La semaine de 4 jours, équilibre vie pro, vie perso


De l'air, c'est aussi ce qui manquait à Sophie Lalaizon. Elle a quitté le métier de vendeuse en boulangerie où elle a travaillé 6 jours sur 7 pendant 10 ans. À 34 ans, elle signe un CDD comme agent de bascule dans une déchèterie recyclerie de déchets BTP qui a opté pour la semaine de 4 jours.

"Je suis à 33 heures payées 35. Ce contrat a révolutionné ma vie."

Sophie Lalaizon

Cette journée est une vraie soupape d'air qui rééquilibre sa vie: "travailler sur quatre jours me permet de prendre de nombreux rendez-vous, de me libérer de tâches domestiques, de me reposer pour profiter encore plus de mon week-end.

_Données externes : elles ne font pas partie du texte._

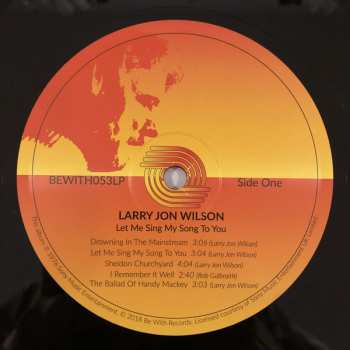 LP Larry Jon Wilson: Let Me Sing My Song To You LTD 76310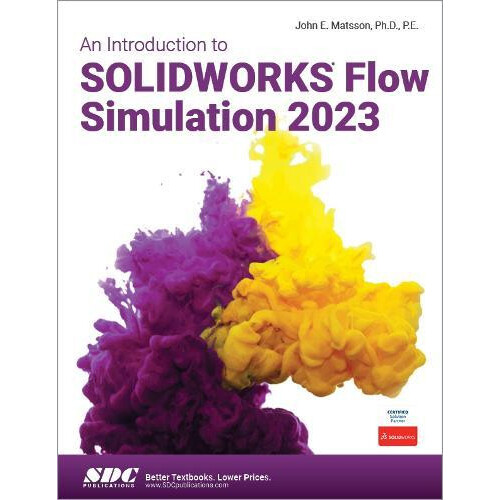 An Introduction to SOLIDWORKS Flow Simulation 2023 by John E. Matsson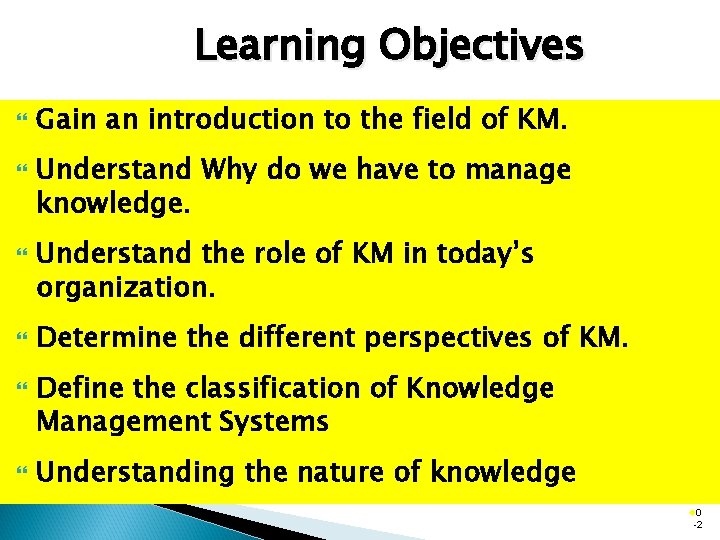 Learning Objectives Gain an introduction to the field of KM. Understand Why do we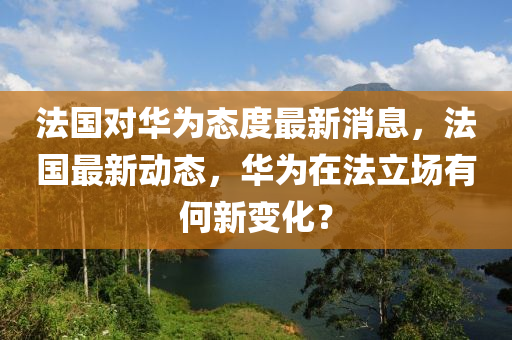 法国对华为态度最新消息，法国最新动态，华为在法立场有何新变化？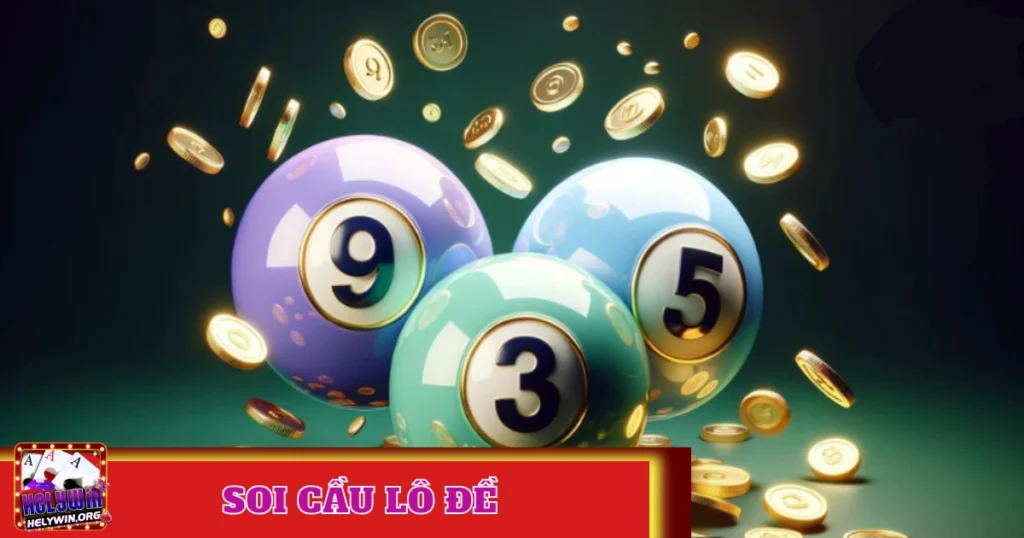 Soi Cầu Lô Đề Tại Helywin: Công Cụ Chọn Số Lô Đề Hiệu Quả 1 Soi Cầu Đề Đầu, Đề Đuôi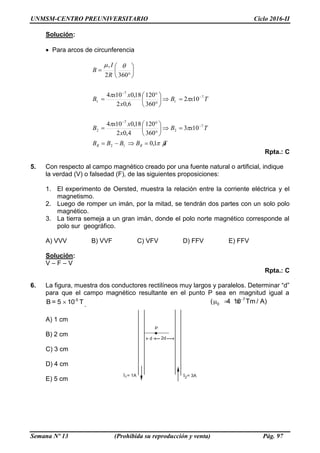 UNMSM-CENTRO PREUNIVERSITARIO Ciclo 2016-II
Semana Nº 13 (Prohibida su reproducción y venta) Pág. 97
Solución:
Para arcos de circunferencia
TBBBB
TxB
x
xx
B
TxB
x
xx
B
R
I
B
RR 





1,0
103
360
120
4,02
18,0104
102
360
120
6,02
18,0104
3602
12
7
2
7
2
7
1
7
1
0































Rpta.: C
5. Con respecto al campo magnético creado por una fuente natural o artificial, indique
la verdad (V) o falsedad (F), de las siguientes proposiciones:
1. El experimento de Oersted, muestra la relación entre la corriente eléctrica y el
magnetismo.
2. Luego de romper un imán, por la mitad, se tendrán dos partes con un solo polo
magnético.
3. La tierra semeja a un gran imán, donde el polo norte magnético corresponde al
polo sur geográfico.
A) VVV B) VVF C) VFV D) FFV E) FFV
Solución:
V – F – V
Rpta.: C
6. La figura, muestra dos conductores rectilíneos muy largos y paralelos. Determinar “d”
para que el campo magnético resultante en el punto P sea en magnitud igual a
-5
B = 5 10 T .
7
0( 4 10 Tm / A)
  
A) 1 cm
B) 2 cm
C) 3 cm
D) 4 cm
E) 5 cm
 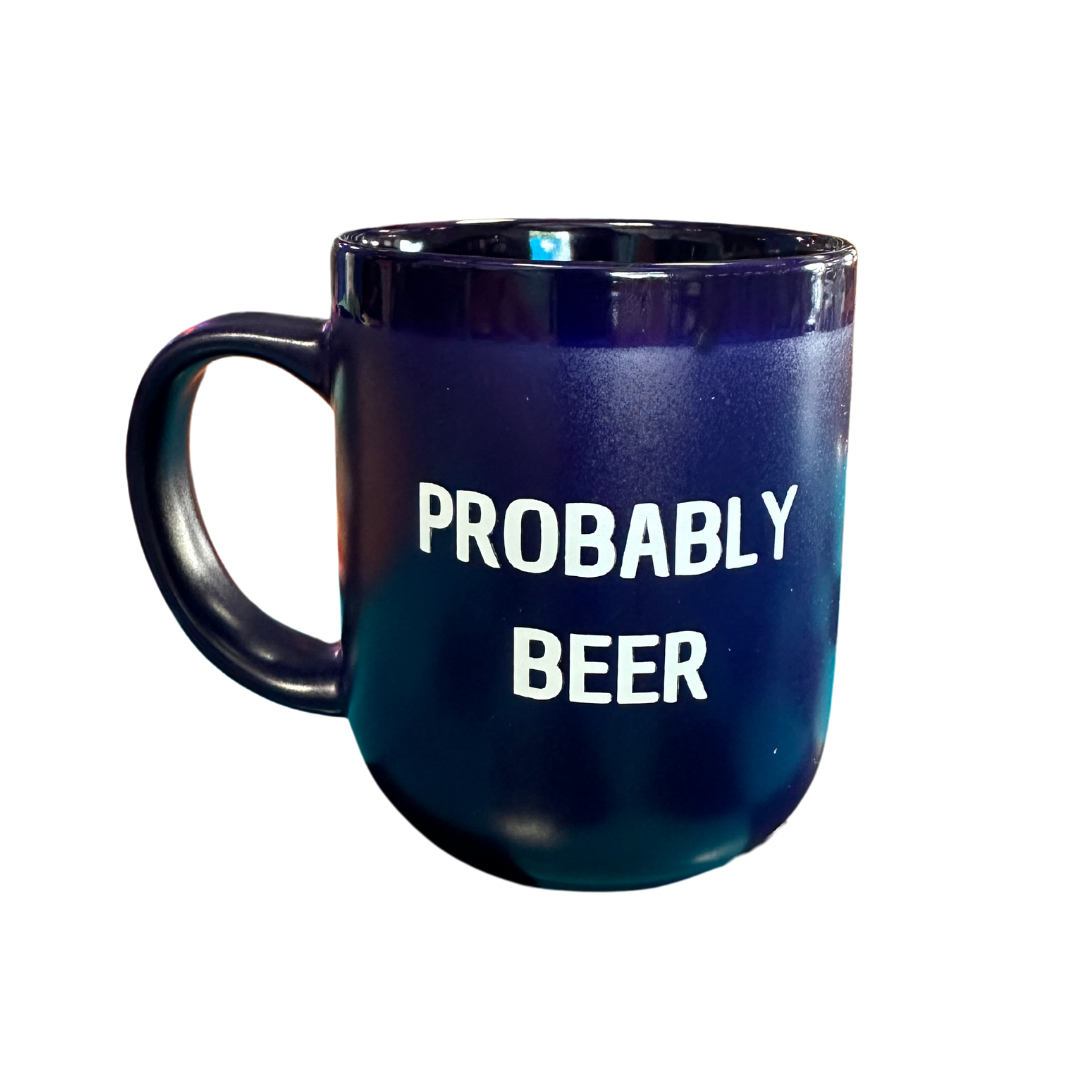 17oz "Probably Beer" Coffee Mug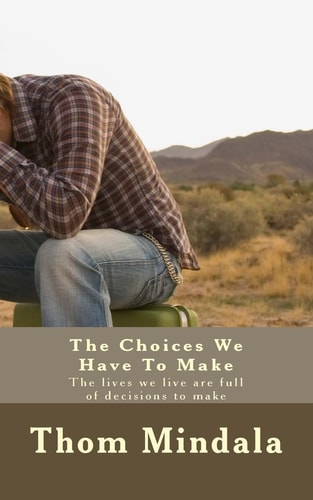 The Choices We Have To Make The Lives We Live are Full of Decisions to Make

Je pense qu'elle facilitera physiquement l'exercice de mon métier dans la durée", explique Soplie Lalaizon. La société a mis en place un système de rotation afin que le client soit accueilli de 7 h 30 à 18 h 30 du lundi au vendredi. "Nous nous remplaçons mutuellement, j'aime la polyvalence de mon métier, cela nous oblige à communiquer beaucoup entre nous. Les journées défilent" raconte l'agent de bascule.

Comment ne plus courir après le temps tout en restant dans la course de la compétitivité ? Travailler au bien-être c'est travailler à la performance et vice versa. Ainsi va la résolution de ce paradoxe.